## IMPORTS 

In [1]:
import random
import pandas as pd
import numpy as np
import re
import torch
from torchtext import data
import spacy
from tqdm import tqdm, tqdm_notebook, tnrange
tqdm.pandas(desc='Progress')
from collections import Counter
import torchnlp
from textblob import TextBlob

import torch.nn as nn
import torch.optim as optim
import torch.nn.functional as F
from torch.utils.data import Dataset, DataLoader
from torch.nn.utils.rnn import pack_padded_sequence, pad_packed_sequence
from torch.autograd import Variable
from torchtext.data import Example
from sklearn.metrics import f1_score


def generate_bigrams(x):
    n_grams = set(zip(*[x[i:] for i in range(2)]))
    for n_gram in n_grams:
        x.append(' '.join(n_gram))
    return x


SEED = 1234

torch.manual_seed(SEED)
torch.cuda.manual_seed(SEED)
torch.backends.cudnn.deterministic = True

# load spacy tokenizer
nlp = spacy.load('en',disable=['parser', 'tagger', 'ner'])

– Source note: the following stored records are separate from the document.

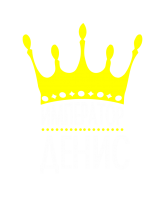 Принт Император Денис вариант 1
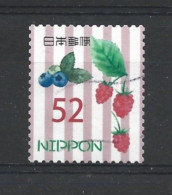 Japan 2016 Spring Greetings Y.T. 7453 (0) - Used Stamps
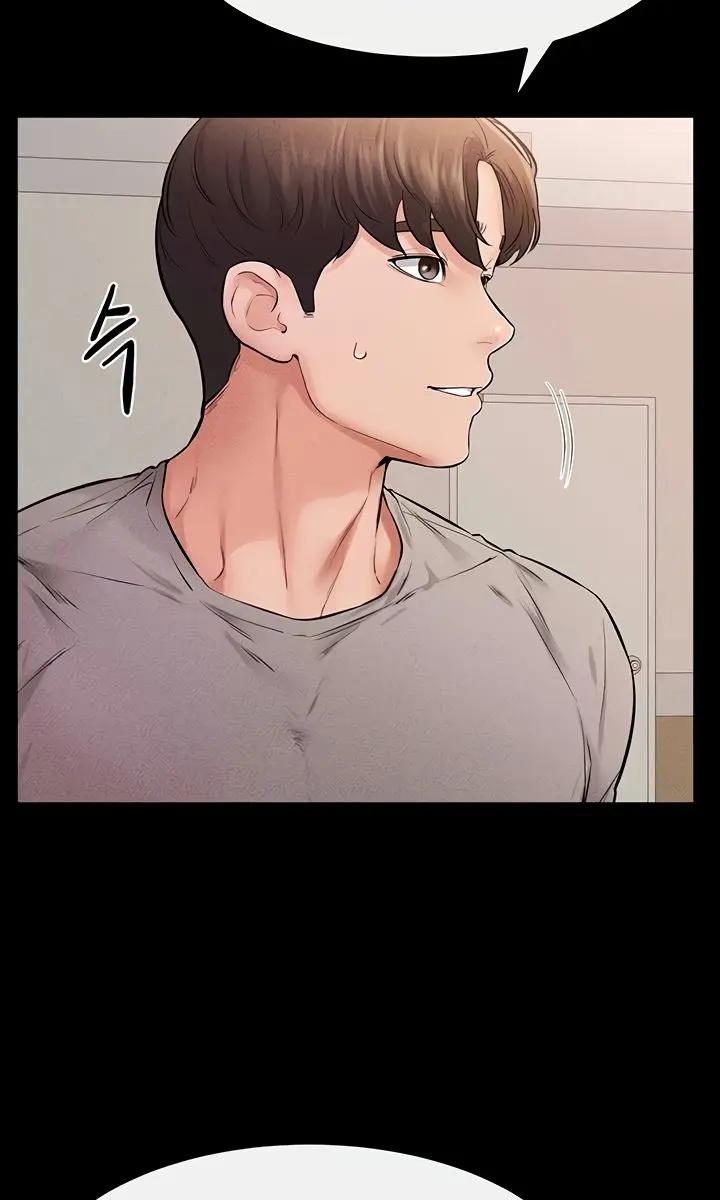 My New Family Is Too Nice to Me Chapter 70 Page 95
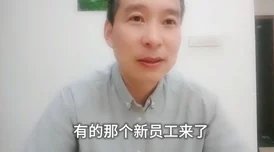 轮到二哥了他厚厚的嘴唇，一言九鼎，不可忽视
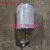 适用于东方红拖拉机发动机柴油机粗滤精滤油水分离器LKCQ28-100机油滤芯定制 CLQ123B-2000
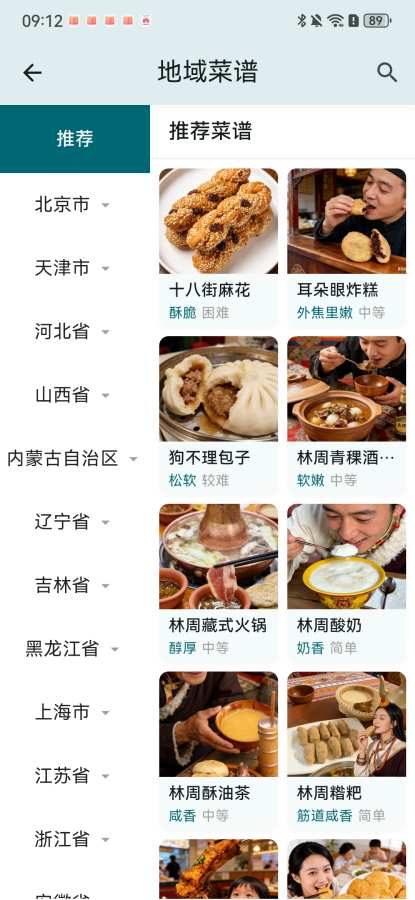 悦食app图1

## LOAD PROCESSED TRAINING DATA FROM DISK

In [2]:
# Uncomment to reload the Data frame
# df = pd.read_pickle('lastDFTWOCOLUMNS.pkl') #to load back to the dataframe df
# df.head()

# Uncomment to save to pickle
# new.to_pickle('lastDFTWOCOLUMNS.pkl')
df_train = pd.read_csv("train.csv")
df_test = pd.read_csv("test.csv")

In [3]:
def clean_text(x):

    x = str(x)
    for punct in "/-'":
        x = x.replace(punct, ' ')
    for punct in '&':
        x = x.replace(punct, f' {punct} ')
    for punct in '?!.,"#$%\'()*+-/:;<=>@[\\]^_`{|}~' + '“”’':
        x = x.replace(punct, '')
    return x

def clean_numbers(x):

    x = re.sub('[0-9]{5,}', '#####', x)
    x = re.sub('[0-9]{4}', '####', x)
    x = re.sub('[0-9]{3}', '###', x)
    x = re.sub('[0-9]{2}', '##', x)
    return x

def _get_mispell(mispell_dict):
    mispell_re = re.compile('(%s)' % '|'.join(mispell_dict.keys()))
    return mispell_dict, mispell_re


mispell_dict = {'colour':'color',
                'centre':'center',
                'didnt':'did not',
                'doesnt':'does not',
                'isnt':'is not',
                'shouldnt':'should not',
                'favourite':'favorite',
                'travelling':'traveling',
                'counselling':'counseling',
                'theatre':'theater',
                'cancelled':'canceled',
                'labour':'labor',
                'organisation':'organization',
                'wwii':'world war 2',
                'citicise':'criticize',
                'instagram': 'social medium',
                'whatsapp': 'social medium',
                'snapchat': 'social medium'

                }
mispellings, mispellings_re = _get_mispell(mispell_dict)

def replace_typical_misspell(text):
    def replace(match):
        return mispellings[match.group(0)]

    return mispellings_re.sub(replace, text)


df_train["question_text"] = df_train["question_text"].fillna("_na_").values
df_test["question_text"] = df_test["question_text"].fillna("_na_").values

# df_train["question_text"] = df_train["question_text"].progress_apply(lambda x: x.split())
# df_test["question_text"] = df_test["question_text"].progress_apply(lambda x: x.split())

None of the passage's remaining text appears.